▸ PROBLEM STATEMENT
Every record must appear in the response exactly as given.

▸ Short web captions

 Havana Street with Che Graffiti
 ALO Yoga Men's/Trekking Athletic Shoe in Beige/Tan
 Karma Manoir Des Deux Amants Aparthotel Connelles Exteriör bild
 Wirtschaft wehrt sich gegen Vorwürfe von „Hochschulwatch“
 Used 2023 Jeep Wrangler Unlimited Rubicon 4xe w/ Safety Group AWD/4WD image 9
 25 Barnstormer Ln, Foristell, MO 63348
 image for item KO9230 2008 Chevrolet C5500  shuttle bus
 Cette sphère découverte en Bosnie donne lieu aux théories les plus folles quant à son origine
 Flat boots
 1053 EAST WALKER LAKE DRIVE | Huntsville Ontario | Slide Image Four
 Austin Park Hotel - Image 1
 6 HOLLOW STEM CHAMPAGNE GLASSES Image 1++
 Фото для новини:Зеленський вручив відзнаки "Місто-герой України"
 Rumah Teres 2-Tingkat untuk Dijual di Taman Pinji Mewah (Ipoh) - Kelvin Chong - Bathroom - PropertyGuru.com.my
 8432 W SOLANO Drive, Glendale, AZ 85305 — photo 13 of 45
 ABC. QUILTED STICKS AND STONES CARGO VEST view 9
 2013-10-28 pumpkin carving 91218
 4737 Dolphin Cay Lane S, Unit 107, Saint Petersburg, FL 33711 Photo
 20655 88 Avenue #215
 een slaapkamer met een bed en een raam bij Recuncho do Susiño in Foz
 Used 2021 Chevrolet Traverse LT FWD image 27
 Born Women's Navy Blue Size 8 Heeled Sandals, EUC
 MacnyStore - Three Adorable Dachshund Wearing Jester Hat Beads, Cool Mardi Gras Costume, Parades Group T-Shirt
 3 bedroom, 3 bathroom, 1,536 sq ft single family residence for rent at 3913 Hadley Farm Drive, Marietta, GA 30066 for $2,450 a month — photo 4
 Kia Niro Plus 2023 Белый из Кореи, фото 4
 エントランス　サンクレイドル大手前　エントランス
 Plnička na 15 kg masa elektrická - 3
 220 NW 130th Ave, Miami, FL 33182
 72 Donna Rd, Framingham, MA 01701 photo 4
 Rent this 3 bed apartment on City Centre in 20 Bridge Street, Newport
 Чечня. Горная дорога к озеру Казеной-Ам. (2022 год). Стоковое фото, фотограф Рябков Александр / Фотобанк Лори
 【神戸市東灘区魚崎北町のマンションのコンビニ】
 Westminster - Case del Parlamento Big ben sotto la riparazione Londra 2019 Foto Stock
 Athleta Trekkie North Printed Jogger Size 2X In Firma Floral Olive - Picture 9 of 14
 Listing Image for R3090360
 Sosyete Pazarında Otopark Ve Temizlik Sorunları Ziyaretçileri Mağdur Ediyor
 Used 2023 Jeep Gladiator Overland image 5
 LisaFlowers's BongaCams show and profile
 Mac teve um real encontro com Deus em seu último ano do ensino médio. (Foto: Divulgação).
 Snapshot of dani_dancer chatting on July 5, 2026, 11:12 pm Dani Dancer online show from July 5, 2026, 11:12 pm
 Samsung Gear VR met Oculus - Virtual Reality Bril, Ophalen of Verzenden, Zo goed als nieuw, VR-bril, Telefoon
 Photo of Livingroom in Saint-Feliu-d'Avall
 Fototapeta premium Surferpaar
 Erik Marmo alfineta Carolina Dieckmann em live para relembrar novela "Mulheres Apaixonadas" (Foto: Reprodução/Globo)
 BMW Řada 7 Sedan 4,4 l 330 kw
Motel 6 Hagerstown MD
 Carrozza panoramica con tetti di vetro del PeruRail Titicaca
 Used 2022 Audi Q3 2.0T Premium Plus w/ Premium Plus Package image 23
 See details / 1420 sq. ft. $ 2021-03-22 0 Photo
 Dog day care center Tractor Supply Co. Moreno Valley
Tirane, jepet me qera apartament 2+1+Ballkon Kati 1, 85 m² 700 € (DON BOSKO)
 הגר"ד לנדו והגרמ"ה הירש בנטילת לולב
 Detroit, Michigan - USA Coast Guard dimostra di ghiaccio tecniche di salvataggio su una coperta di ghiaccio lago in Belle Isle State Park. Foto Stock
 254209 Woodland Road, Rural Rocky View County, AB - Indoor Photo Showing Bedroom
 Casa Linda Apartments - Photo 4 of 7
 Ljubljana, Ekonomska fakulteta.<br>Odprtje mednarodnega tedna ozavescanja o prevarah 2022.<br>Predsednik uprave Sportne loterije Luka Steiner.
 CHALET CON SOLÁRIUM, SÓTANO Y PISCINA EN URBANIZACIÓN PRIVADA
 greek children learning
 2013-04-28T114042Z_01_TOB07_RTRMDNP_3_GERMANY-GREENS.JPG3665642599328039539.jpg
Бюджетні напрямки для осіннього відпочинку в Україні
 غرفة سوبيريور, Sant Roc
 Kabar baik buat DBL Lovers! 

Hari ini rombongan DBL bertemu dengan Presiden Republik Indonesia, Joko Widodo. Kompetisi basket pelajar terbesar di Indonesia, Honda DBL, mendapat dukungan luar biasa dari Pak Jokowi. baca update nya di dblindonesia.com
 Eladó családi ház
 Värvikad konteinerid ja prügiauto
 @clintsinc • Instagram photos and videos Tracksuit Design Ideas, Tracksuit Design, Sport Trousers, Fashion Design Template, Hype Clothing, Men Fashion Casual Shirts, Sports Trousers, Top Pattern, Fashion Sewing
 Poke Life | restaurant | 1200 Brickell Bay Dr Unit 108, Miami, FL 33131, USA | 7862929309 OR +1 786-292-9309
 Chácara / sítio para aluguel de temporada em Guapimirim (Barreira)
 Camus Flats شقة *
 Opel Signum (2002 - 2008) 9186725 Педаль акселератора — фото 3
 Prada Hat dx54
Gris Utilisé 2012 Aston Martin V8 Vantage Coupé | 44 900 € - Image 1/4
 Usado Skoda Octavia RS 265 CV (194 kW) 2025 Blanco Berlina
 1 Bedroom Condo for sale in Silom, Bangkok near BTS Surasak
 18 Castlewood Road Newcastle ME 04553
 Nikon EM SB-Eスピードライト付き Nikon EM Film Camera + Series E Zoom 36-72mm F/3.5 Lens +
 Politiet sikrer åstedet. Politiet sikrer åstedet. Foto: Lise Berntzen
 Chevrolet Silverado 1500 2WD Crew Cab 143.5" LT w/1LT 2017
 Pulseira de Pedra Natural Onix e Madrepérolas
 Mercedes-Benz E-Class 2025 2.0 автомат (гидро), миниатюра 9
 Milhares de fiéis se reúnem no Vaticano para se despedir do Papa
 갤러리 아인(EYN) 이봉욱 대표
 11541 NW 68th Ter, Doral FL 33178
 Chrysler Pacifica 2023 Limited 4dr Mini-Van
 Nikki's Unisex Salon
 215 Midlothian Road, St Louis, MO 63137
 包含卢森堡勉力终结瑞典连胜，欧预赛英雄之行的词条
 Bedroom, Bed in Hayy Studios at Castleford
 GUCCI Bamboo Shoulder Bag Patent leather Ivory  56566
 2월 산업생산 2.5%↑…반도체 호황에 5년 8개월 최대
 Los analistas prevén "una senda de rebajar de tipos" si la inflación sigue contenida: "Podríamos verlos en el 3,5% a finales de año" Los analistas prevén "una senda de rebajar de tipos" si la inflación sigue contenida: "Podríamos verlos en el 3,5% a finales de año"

▸ RESPONSE TO THE TASK
 Havana Street with Che Graffiti
 ALO Yoga Men's/Trekking Athletic Shoe in Beige/Tan
 Karma Manoir Des Deux Amants Aparthotel Connelles Exteriör bild
 Wirtschaft wehrt sich gegen Vorwürfe von „Hochschulwatch“
 Used 2023 Jeep Wrangler Unlimited Rubicon 4xe w/ Safety Group AWD/4WD image 9
 25 Barnstormer Ln, Foristell, MO 63348
 image for item KO9230 2008 Chevrolet C5500  shuttle bus
 Cette sphère découverte en Bosnie donne lieu aux théories les plus folles quant à son origine
 Flat boots
 1053 EAST WALKER LAKE DRIVE | Huntsville Ontario | Slide Image Four
 Austin Park Hotel - Image 1
 6 HOLLOW STEM CHAMPAGNE GLASSES Image 1++
 Фото для новини:Зеленський вручив відзнаки "Місто-герой України"
 Rumah Teres 2-Tingkat untuk Dijual di Taman Pinji Mewah (Ipoh) - Kelvin Chong - Bathroom - PropertyGuru.com.my
 8432 W SOLANO Drive, Glendale, AZ 85305 — photo 13 of 45
 ABC. QUILTED STICKS AND STONES CARGO VEST view 9
 2013-10-28 pumpkin carving 91218
 4737 Dolphin Cay Lane S, Unit 107, Saint Petersburg, FL 33711 Photo
 20655 88 Avenue #215
 een slaapkamer met een bed en een raam bij Recuncho do Susiño in Foz
 Used 2021 Chevrolet Traverse LT FWD image 27
 Born Women's Navy Blue Size 8 Heeled Sandals, EUC
 MacnyStore - Three Adorable Dachshund Wearing Jester Hat Beads, Cool Mardi Gras Costume, Parades Group T-Shirt
 3 bedroom, 3 bathroom, 1,536 sq ft single family residence for rent at 3913 Hadley Farm Drive, Marietta, GA 30066 for $2,450 a month — photo 4
 Kia Niro Plus 2023 Белый из Кореи, фото 4
 エントランス　サンクレイドル大手前　エントランス
 Plnička na 15 kg masa elektrická - 3
 220 NW 130th Ave, Miami, FL 33182
 72 Donna Rd, Framingham, MA 01701 photo 4
 Rent this 3 bed apartment on City Centre in 20 Bridge Street, Newport
 Чечня. Горная дорога к озеру Казеной-Ам. (2022 год). Стоковое фото, фотограф Рябков Александр / Фотобанк Лори
 【神戸市東灘区魚崎北町のマンションのコンビニ】
 Westminster - Case del Parlamento Big ben sotto la riparazione Londra 2019 Foto Stock
 Athleta Trekkie North Printed Jogger Size 2X In Firma Floral Olive - Picture 9 of 14
 Listing Image for R3090360
 Sosyete Pazarında Otopark Ve Temizlik Sorunları Ziyaretçileri Mağdur Ediyor
 Used 2023 Jeep Gladiator Overland image 5
 LisaFlowers's BongaCams show and profile
 Mac teve um real encontro com Deus em seu último ano do ensino médio. (Foto: Divulgação).
 Snapshot of dani_dancer chatting on July 5, 2026, 11:12 pm Dani Dancer online show from July 5, 2026, 11:12 pm
 Samsung Gear VR met Oculus - Virtual Reality Bril, Ophalen of Verzenden, Zo goed als nieuw, VR-bril, Telefoon
 Photo of Livingroom in Saint-Feliu-d'Avall
 Fototapeta premium Surferpaar
 Erik Marmo alfineta Carolina Dieckmann em live para relembrar novela "Mulheres Apaixonadas" (Foto: Reprodução/Globo)
 BMW Řada 7 Sedan 4,4 l 330 kw
Motel 6 Hagerstown MD
 Carrozza panoramica con tetti di vetro del PeruRail Titicaca
 Used 2022 Audi Q3 2.0T Premium Plus w/ Premium Plus Package image 23
 See details / 1420 sq. ft. $ 2021-03-22 0 Photo
 Dog day care center Tractor Supply Co. Moreno Valley
Tirane, jepet me qera apartament 2+1+Ballkon Kati 1, 85 m² 700 € (DON BOSKO)
 הגר"ד לנדו והגרמ"ה הירש בנטילת לולב
 Detroit, Michigan - USA Coast Guard dimostra di ghiaccio tecniche di salvataggio su una coperta di ghiaccio lago in Belle Isle State Park. Foto Stock
 254209 Woodland Road, Rural Rocky View County, AB - Indoor Photo Showing Bedroom
 Casa Linda Apartments - Photo 4 of 7
 Ljubljana, Ekonomska fakulteta.<br>Odprtje mednarodnega tedna ozavescanja o prevarah 2022.<br>Predsednik uprave Sportne loterije Luka Steiner.
 CHALET CON SOLÁRIUM, SÓTANO Y PISCINA EN URBANIZACIÓN PRIVADA
 greek children learning
 2013-04-28T114042Z_01_TOB07_RTRMDNP_3_GERMANY-GREENS.JPG3665642599328039539.jpg
Бюджетні напрямки для осіннього відпочинку в Україні
 غرفة سوبيريور, Sant Roc
 Kabar baik buat DBL Lovers! 

Hari ini rombongan DBL bertemu dengan Presiden Republik Indonesia, Joko Widodo. Kompetisi basket pelajar terbesar di Indonesia, Honda DBL, mendapat dukungan luar biasa dari Pak Jokowi. baca update nya di dblindonesia.com
 Eladó családi ház
 Värvikad konteinerid ja prügiauto
 @clintsinc • Instagram photos and videos Tracksuit Design Ideas, Tracksuit Design, Sport Trousers, Fashion Design Template, Hype Clothing, Men Fashion Casual Shirts, Sports Trousers, Top Pattern, Fashion Sewing
 Poke Life | restaurant | 1200 Brickell Bay Dr Unit 108, Miami, FL 33131, USA | 7862929309 OR +1 786-292-9309
 Chácara / sítio para aluguel de temporada em Guapimirim (Barreira)
 Camus Flats شقة *
 Opel Signum (2002 - 2008) 9186725 Педаль акселератора — фото 3
 Prada Hat dx54
Gris Utilisé 2012 Aston Martin V8 Vantage Coupé | 44 900 € - Image 1/4
 Usado Skoda Octavia RS 265 CV (194 kW) 2025 Blanco Berlina
 1 Bedroom Condo for sale in Silom, Bangkok near BTS Surasak
 18 Castlewood Road Newcastle ME 04553
 Nikon EM SB-Eスピードライト付き Nikon EM Film Camera + Series E Zoom 36-72mm F/3.5 Lens +
 Politiet sikrer åstedet. Politiet sikrer åstedet. Foto: Lise Berntzen
 Chevrolet Silverado 1500 2WD Crew Cab 143.5" LT w/1LT 2017
 Pulseira de Pedra Natural Onix e Madrepérolas
 Mercedes-Benz E-Class 2025 2.0 автомат (гидро), миниатюра 9
 Milhares de fiéis se reúnem no Vaticano para se despedir do Papa
 갤러리 아인(EYN) 이봉욱 대표
 11541 NW 68th Ter, Doral FL 33178
 Chrysler Pacifica 2023 Limited 4dr Mini-Van
 Nikki's Unisex Salon
 215 Midlothian Road, St Louis, MO 63137
 包含卢森堡勉力终结瑞典连胜，欧预赛英雄之行的词条
 Bedroom, Bed in Hayy Studios at Castleford
 GUCCI Bamboo Shoulder Bag Patent leather Ivory  56566
 2월 산업생산 2.5%↑…반도체 호황에 5년 8개월 최대
 Los analistas prevén "una senda de rebajar de tipos" si la inflación sigue contenida: "Podríamos verlos en el 3,5% a finales de año" Los analistas prevén "una senda de rebajar de tipos" si la inflación sigue contenida: "Podríamos verlos en el 3,5% a finales de año"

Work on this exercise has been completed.